With taxable income greater than the $315,000/$157,500 threshold and less than the $415,000/$207,500 upper limit, Section 199A reduces the tax deduction available to your out-of-favor specified service trade or business.

This brings us to the question: What if your taxable income is above the limit, but your pass-through business has one part that’s out of favor and another part that’s in favor? You will like what the rules have done for you if you are in this situation. The new regulations make it clear that it is possible for you to benefit from the de minimis rule.

The rule. If the trade or business has annual gross receipts of $25 million or less, it is an in-favor business if it gets less than 10 percent of its gross receipts from an out-of-favor specified service trade or business, such as (among others) law, consulting, accounting, and health care. If gross receipts are greater than $25 million, substitute 5 percent for the 10 percent.

De Minimis Example 1

Green Lawn LLC sells lawn care and landscaping equipment and also provides advice and counsel on landscape design for large office parks and residential buildings.

The landscape design services include advice on the selection and placement of trees, shrubs, and flowers and are considered under Section 199A an out-of-favor consulting business.

Green Lawn LLC separately invoices for its landscape design services and does not sell the trees, shrubs, or flowers it recommends for use in the landscape design. Green Lawn LLC maintains one set of books and records and treats the equipment sales and design services as a single trade or business.

Green Lawn LLC has gross receipts of $2 million, of which $250,000 is attributable to the landscape design services, a consulting business. Because consulting services are 10 percent or more of total gross receipts, the entirety of Green Lawn LLC’s trade or business is an out-of-favor specified service trade or business.

De Minimis Example 2

Veterinarian LLC provides veterinarian services performed by licensed staff and also develops and sells its own line of organic dog food at its veterinarian clinic and online. The veterinarian services are in the out-of-favor specified service trade or business of health care.
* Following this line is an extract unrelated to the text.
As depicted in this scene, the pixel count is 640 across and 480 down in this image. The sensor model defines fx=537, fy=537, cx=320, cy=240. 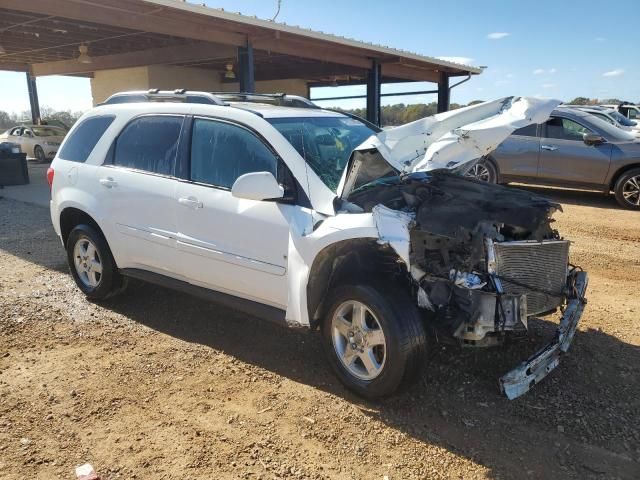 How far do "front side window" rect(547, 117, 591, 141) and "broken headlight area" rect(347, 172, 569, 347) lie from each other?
745 centimetres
Veterinarian LLC separately invoices for its veterinarian services and the sale of its organic dog food. It maintains separate books and records for its veterinarian clinic and its development and sale of dog food. Veterinarian LLC also has separate employees who are unaffiliated with the veterinary clinic and work only on the formulation, marketing, sales, and distribution of the organic dog food products.
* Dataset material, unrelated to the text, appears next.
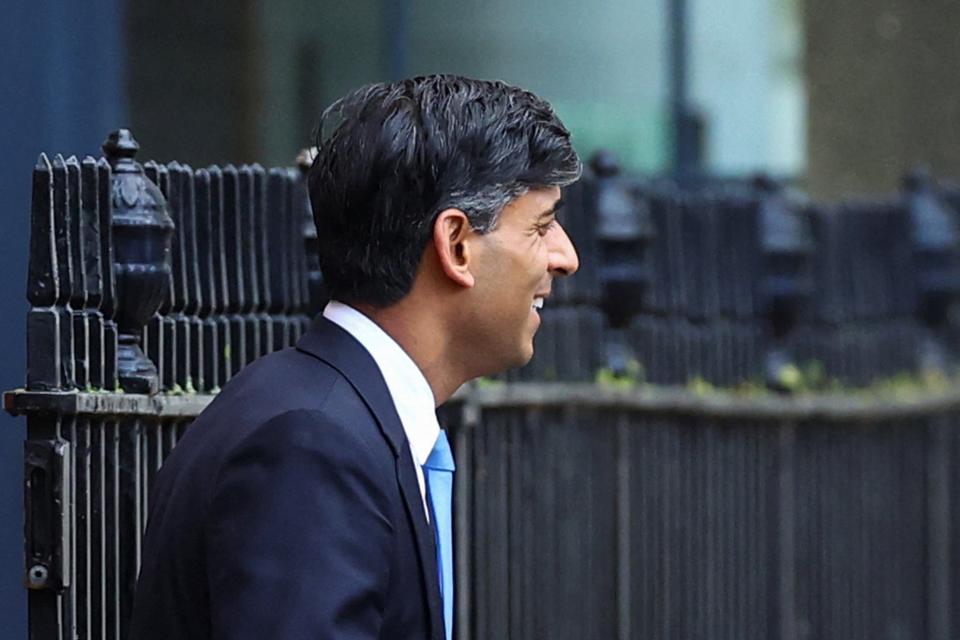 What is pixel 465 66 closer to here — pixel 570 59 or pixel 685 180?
pixel 570 59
Veterinarian LLC treats its veterinary practice and the dog food development and sales as separate trades or businesses for purposes of Sections 162 and 199A. It has gross receipts of $3 million. Of the gross receipts, $1 million is attributable to the out-of-favor veterinary services.
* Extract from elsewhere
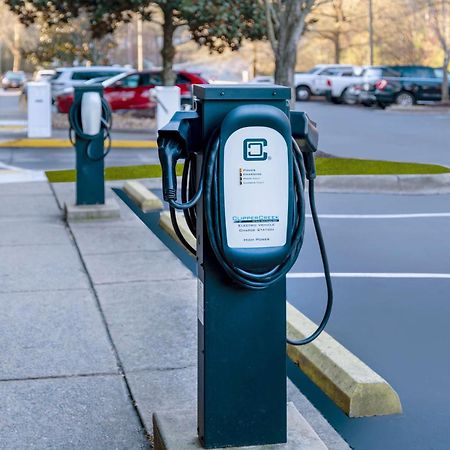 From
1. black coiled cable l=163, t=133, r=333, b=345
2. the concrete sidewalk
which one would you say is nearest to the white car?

Although the gross receipts from the services in the field of health care exceed 10 percent of Veterinarian LLC’s total gross receipts, the dog food business is a separate, in-favor business.

Note that Animal Care wins because it has two trades or businesses, which it proves with its financial books and its separation of its employees.

Green Lawn LLC, in the previous example, failed because it had one business only, which it also proved by the way it kept its books.